Task instructions: Begin at the first line below and copy each line exactly, ending with the line where "Meet your Posher, Alyssa" appears.

(Crawled caption data)

[Start of section]

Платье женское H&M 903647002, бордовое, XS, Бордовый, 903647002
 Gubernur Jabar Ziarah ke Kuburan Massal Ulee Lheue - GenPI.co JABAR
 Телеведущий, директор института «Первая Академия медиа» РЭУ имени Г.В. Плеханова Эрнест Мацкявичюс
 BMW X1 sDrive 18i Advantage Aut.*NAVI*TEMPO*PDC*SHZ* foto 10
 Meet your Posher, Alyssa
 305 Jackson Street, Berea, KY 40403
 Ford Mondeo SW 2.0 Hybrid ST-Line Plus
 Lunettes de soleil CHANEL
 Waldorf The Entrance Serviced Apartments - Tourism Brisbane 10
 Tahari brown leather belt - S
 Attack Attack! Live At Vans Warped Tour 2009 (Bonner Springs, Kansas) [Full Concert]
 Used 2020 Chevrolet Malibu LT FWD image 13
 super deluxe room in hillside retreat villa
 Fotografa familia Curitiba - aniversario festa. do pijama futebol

[End of section]

Response to the exercise:
Платье женское H&M 903647002, бордовое, XS, Бордовый, 903647002
 Gubernur Jabar Ziarah ke Kuburan Massal Ulee Lheue - GenPI.co JABAR
 Телеведущий, директор института «Первая Академия медиа» РЭУ имени Г.В. Плеханова Эрнест Мацкявичюс
 BMW X1 sDrive 18i Advantage Aut.*NAVI*TEMPO*PDC*SHZ* foto 10
 Meet your Posher, Alyssa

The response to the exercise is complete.